- WHAT YOU HAVE TO DO -
The span to copy runs from the line containing "this 250×188 image." to the last line below. Copy it exactly, with nothing else.

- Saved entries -
* * * * *

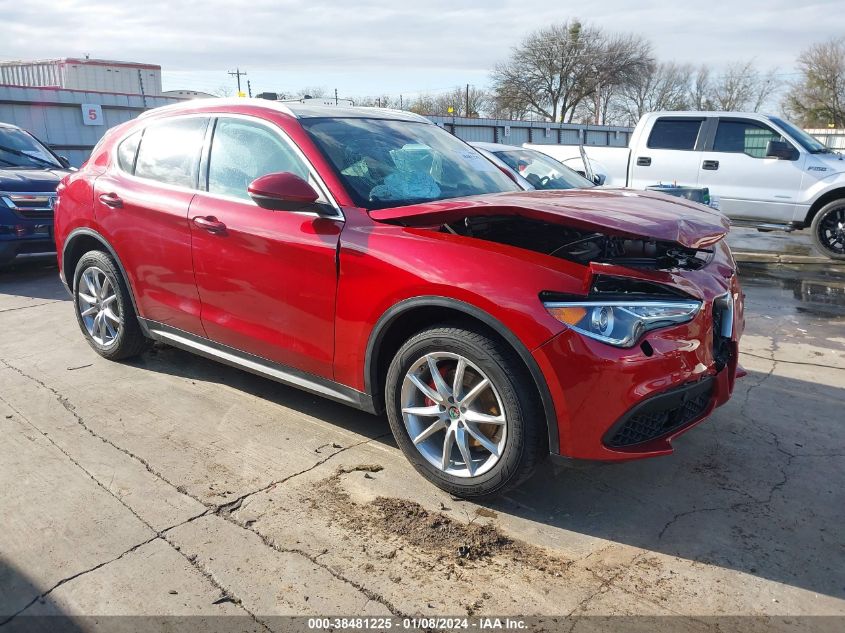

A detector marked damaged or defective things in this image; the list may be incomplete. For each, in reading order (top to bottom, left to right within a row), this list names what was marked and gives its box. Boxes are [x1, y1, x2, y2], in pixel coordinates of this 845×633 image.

cracked pavement [0, 256, 840, 624]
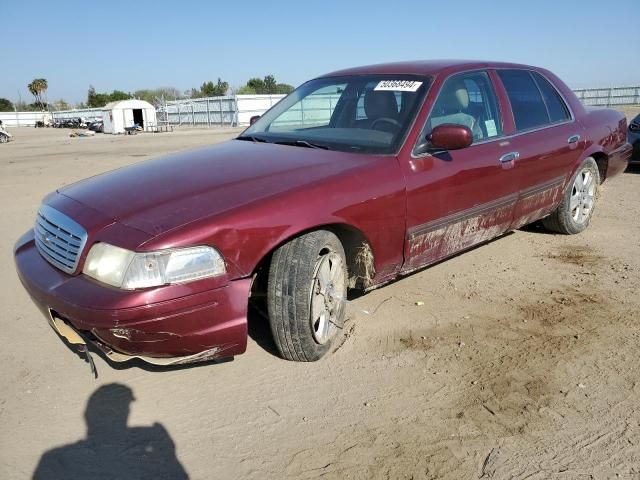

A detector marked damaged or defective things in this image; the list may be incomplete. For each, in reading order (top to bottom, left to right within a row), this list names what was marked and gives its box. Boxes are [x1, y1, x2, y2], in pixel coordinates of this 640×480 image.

cracked bumper [13, 232, 251, 364]
damaged maroon sedan [12, 61, 632, 368]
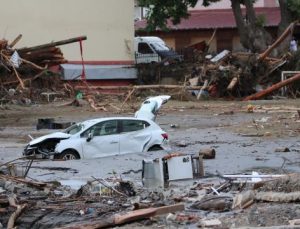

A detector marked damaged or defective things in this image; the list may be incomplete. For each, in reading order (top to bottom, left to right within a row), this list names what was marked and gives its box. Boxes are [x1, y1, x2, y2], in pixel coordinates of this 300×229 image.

damaged white car [23, 95, 171, 159]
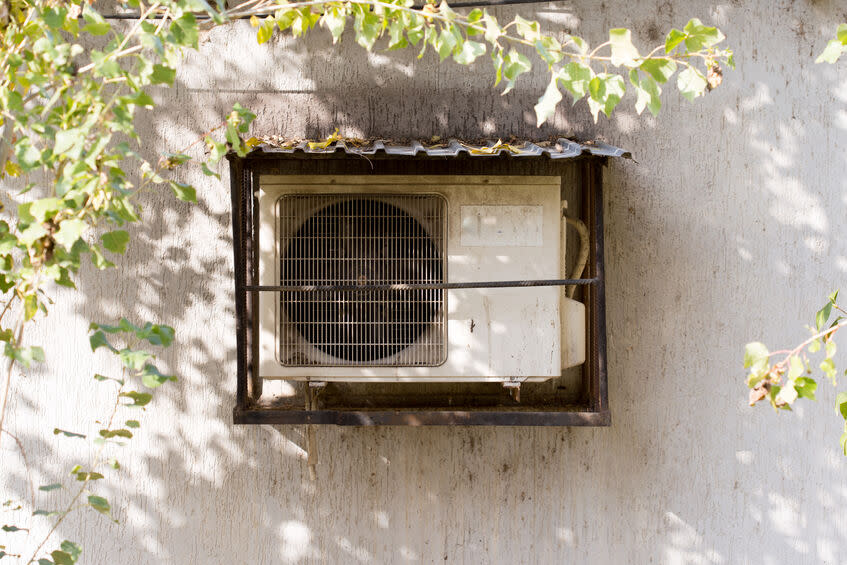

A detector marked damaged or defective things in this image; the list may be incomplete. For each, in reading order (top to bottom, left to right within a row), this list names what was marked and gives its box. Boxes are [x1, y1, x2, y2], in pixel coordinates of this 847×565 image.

rusty metal frame [225, 152, 608, 426]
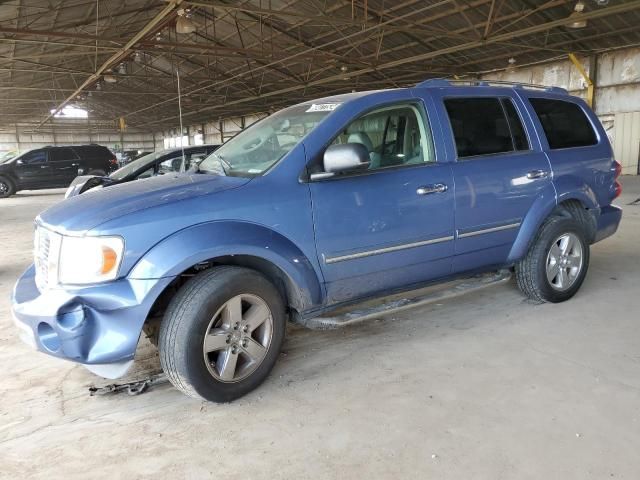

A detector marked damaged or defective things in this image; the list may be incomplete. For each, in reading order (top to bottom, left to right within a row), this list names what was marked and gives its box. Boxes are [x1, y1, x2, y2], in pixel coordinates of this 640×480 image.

damaged front bumper [10, 266, 175, 378]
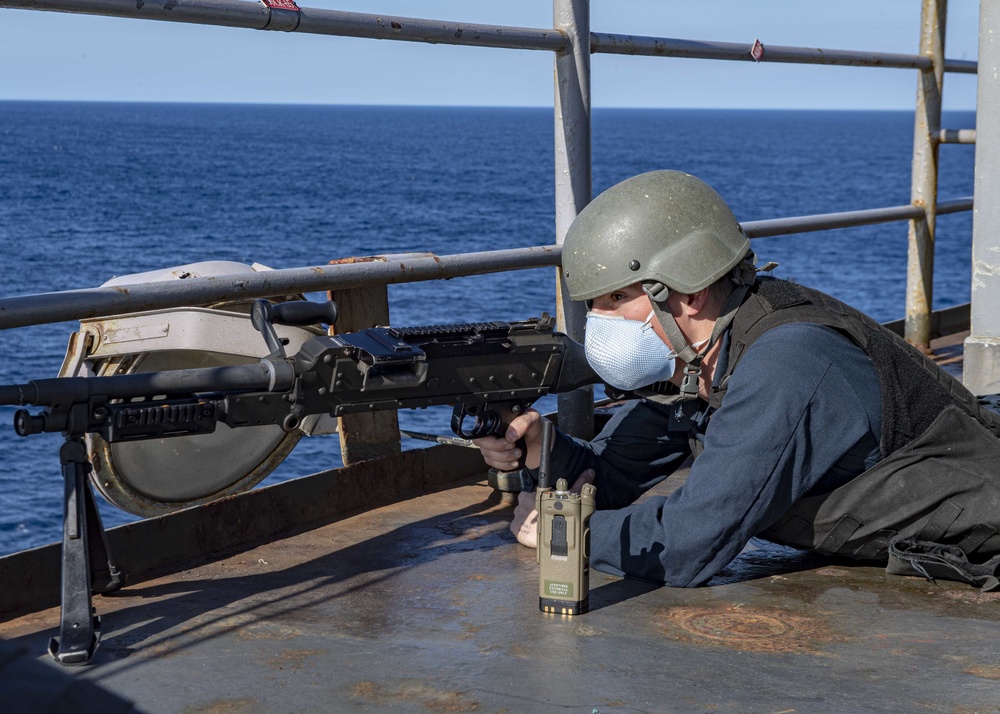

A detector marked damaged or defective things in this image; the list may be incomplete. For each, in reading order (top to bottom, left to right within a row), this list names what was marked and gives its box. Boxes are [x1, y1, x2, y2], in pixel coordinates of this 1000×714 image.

rust spot [656, 608, 844, 652]
rust spot [960, 660, 1000, 680]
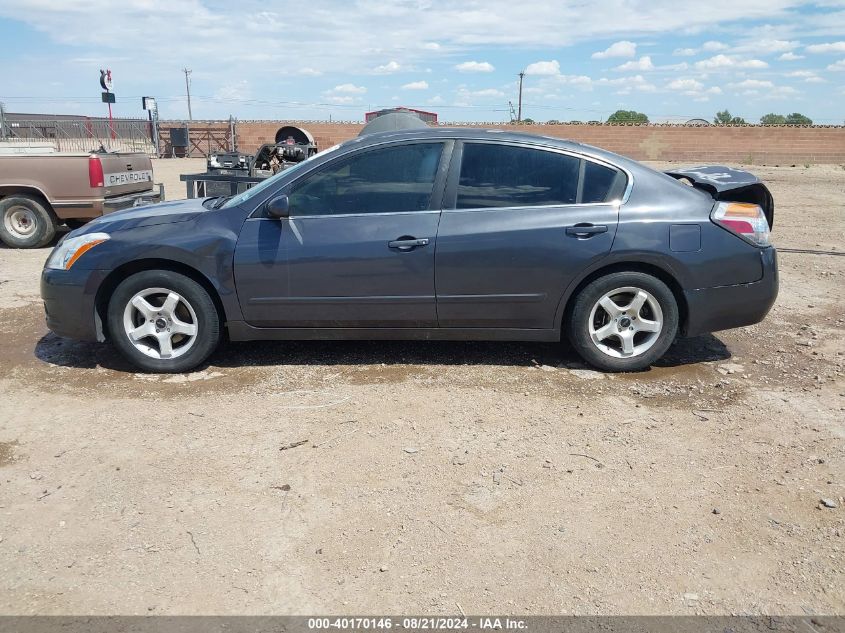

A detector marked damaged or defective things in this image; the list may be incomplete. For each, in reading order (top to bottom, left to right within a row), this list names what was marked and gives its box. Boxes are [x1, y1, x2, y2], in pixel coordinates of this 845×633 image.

damaged trunk lid [664, 165, 776, 230]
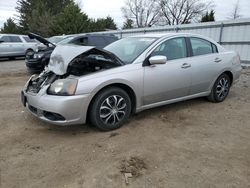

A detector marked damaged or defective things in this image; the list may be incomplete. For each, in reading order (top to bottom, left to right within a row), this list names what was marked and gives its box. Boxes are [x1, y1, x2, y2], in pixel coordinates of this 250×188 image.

crumpled hood [47, 44, 94, 75]
broken headlight [47, 78, 77, 95]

* * * * *

- ANSWER FOR THIS EXERCISE -
A detector marked damaged or defective things in this image; the list may be incomplete. For each, in reading order (top to bottom, left to right within a row), this list names what was marked and gives its box. Boxes are [x1, y1, x2, y2], in pixel coordinates of this 250×188 image.

crumpled hood [47, 44, 94, 75]
broken headlight [47, 78, 77, 95]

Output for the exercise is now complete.